• _Exercise materials_
-------------------------

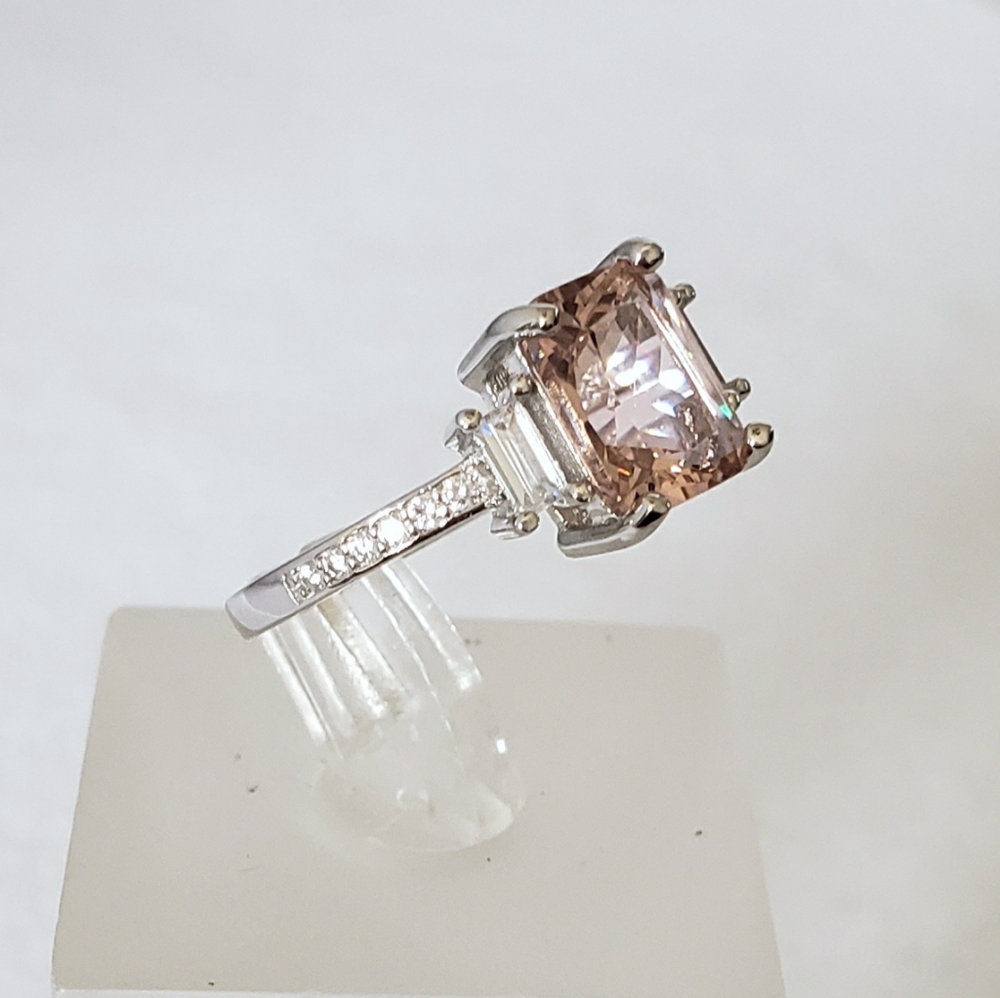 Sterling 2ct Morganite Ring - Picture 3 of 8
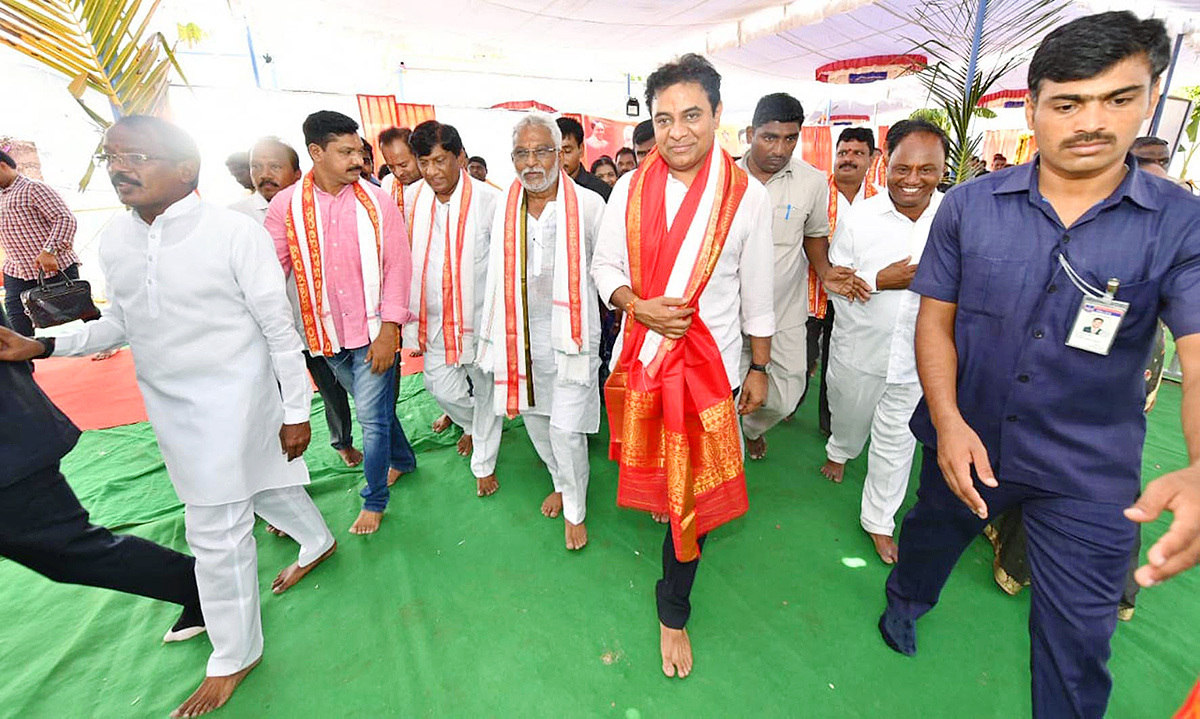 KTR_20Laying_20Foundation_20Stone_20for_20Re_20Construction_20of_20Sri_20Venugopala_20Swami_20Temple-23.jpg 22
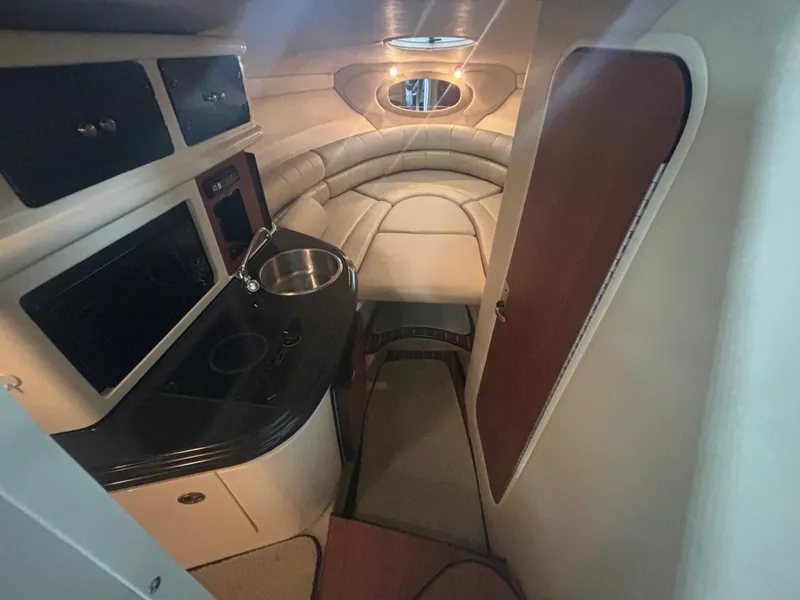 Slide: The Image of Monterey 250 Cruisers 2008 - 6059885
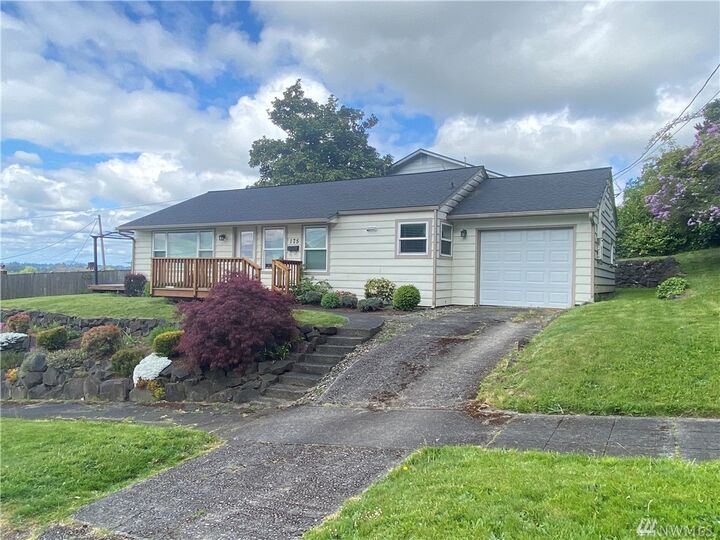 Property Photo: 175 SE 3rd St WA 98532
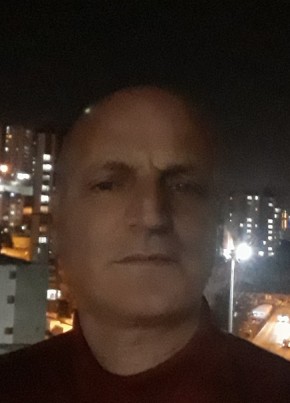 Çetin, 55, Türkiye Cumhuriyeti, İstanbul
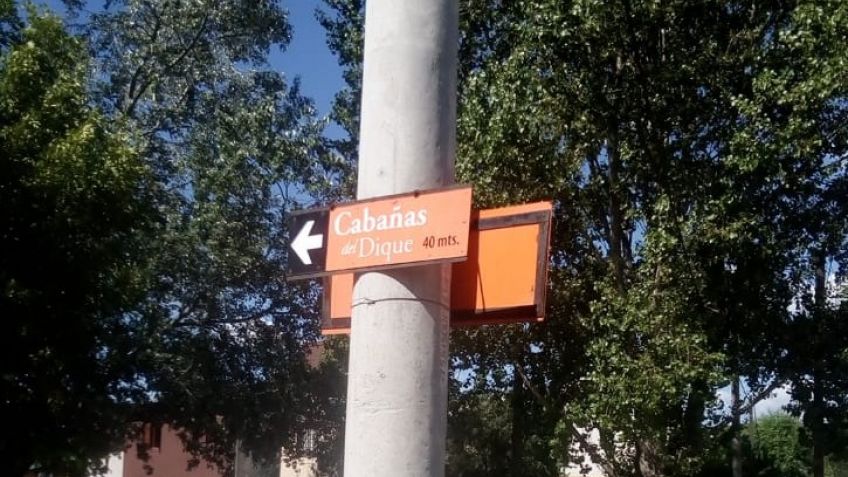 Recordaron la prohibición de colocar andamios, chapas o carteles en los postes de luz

-------------------------

• _Work to complete_
Copy exactly, and copy nothing else: the lines from the one containing "Slide: The Image" through the end of the data, both ends included, with pictures left out.

• _Result_
 Slide: The Image of Monterey 250 Cruisers 2008 - 6059885
 Property Photo: 175 SE 3rd St WA 98532
 Çetin, 55, Türkiye Cumhuriyeti, İstanbul
 Recordaron la prohibición de colocar andamios, chapas o carteles en los postes de luz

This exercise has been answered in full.